▶ **What is expected**: Every entry should come back exactly as written, minus the pictures.

─── Entries shown

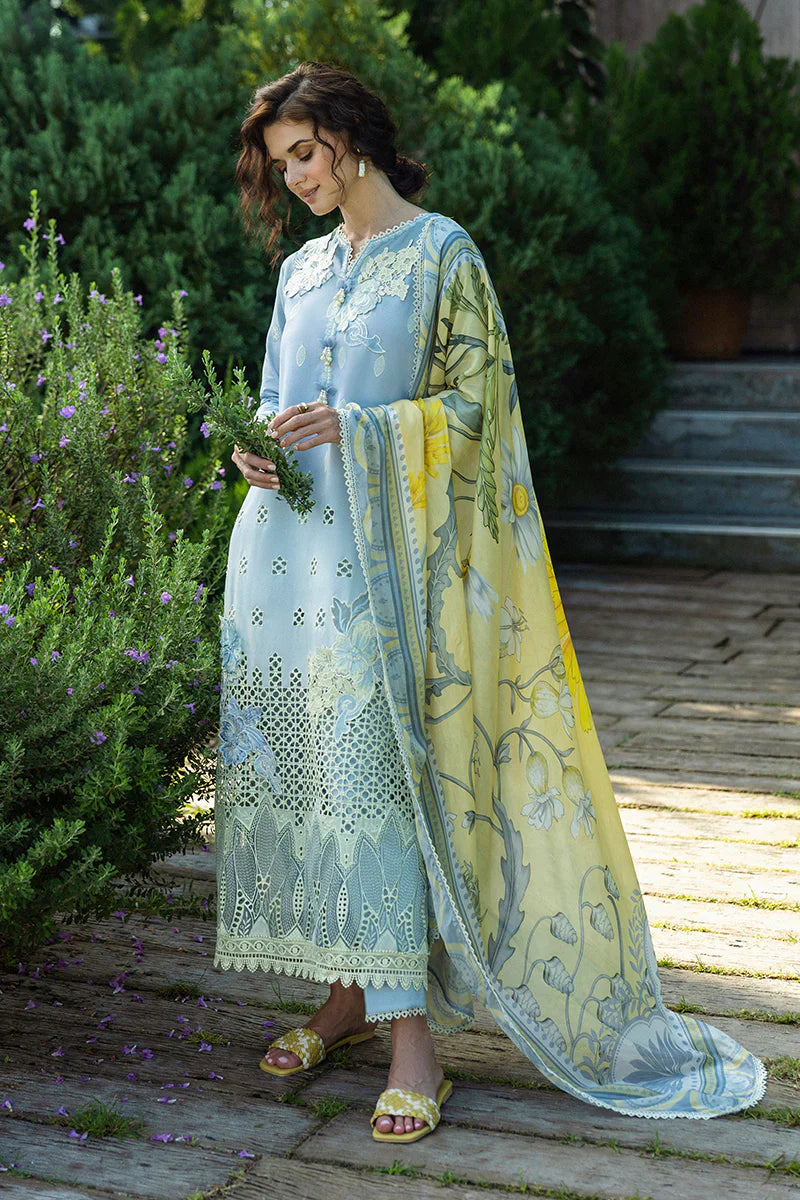 Mushq - Intesa - Three Piece Chikan Embroidered Lawn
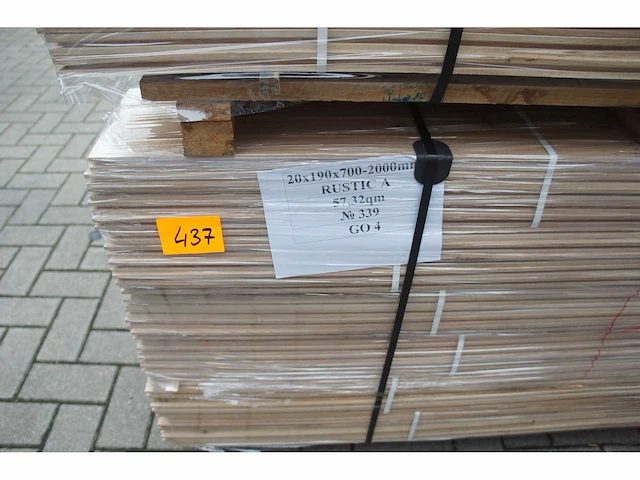 57,32 m² massief eiken parket 20mm - afbeelding 4 van  6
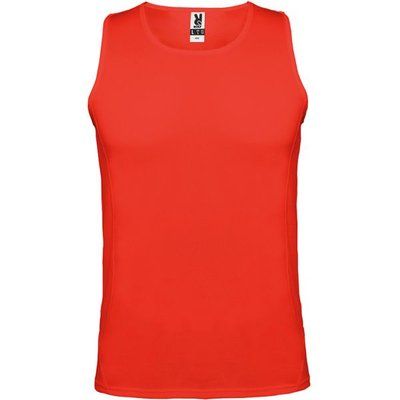 Camiseta Técnica sin Mangas Adulto/Niños Rojo 1/2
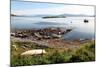 Boat and Slip at Helgoy, Troms, North Norway, Norway, Scandinavia, Europe-David Lomax-Mounted Photographic Print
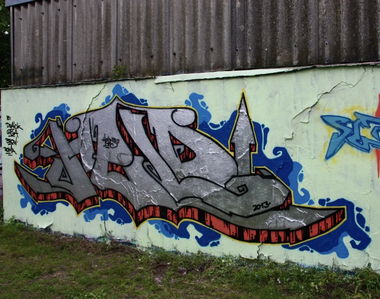 Graffiti Wall in Bayreuth - Photo by AMIDNIGHT - Bayreuth, HELD, 457
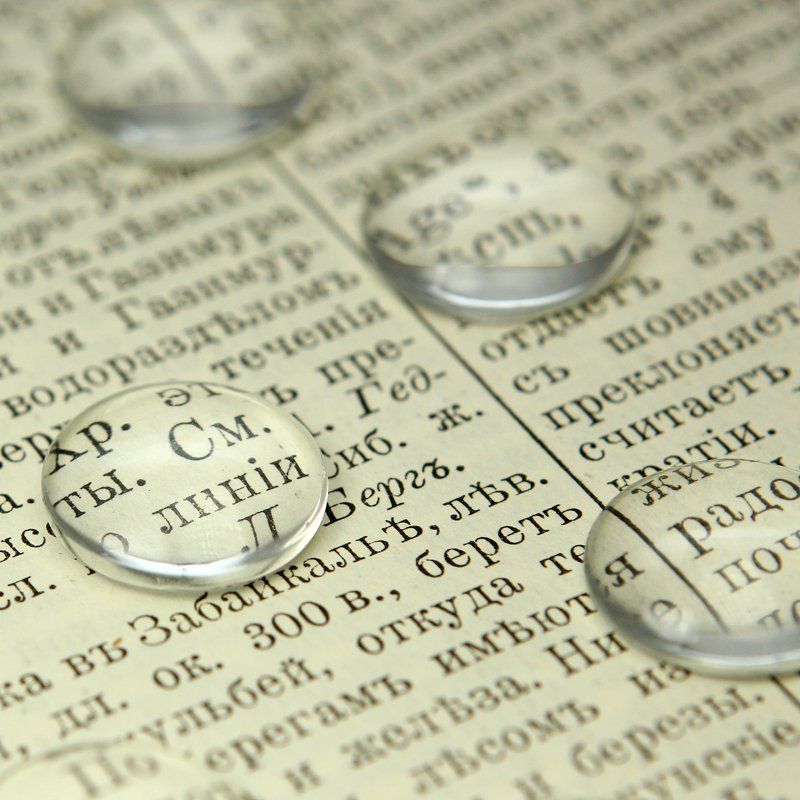 кабошон стеклянный, круглый, прозрачный, 16.5х5.3 мм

──────

▶ **Task output**:
 Mushq - Intesa - Three Piece Chikan Embroidered Lawn
 57,32 m² massief eiken parket 20mm - afbeelding 4 van  6
 Camiseta Técnica sin Mangas Adulto/Niños Rojo 1/2
 Boat and Slip at Helgoy, Troms, North Norway, Norway, Scandinavia, Europe-David Lomax-Mounted Photographic Print
 Graffiti Wall in Bayreuth - Photo by AMIDNIGHT - Bayreuth, HELD, 457
 кабошон стеклянный, круглый, прозрачный, 16.5х5.3 мм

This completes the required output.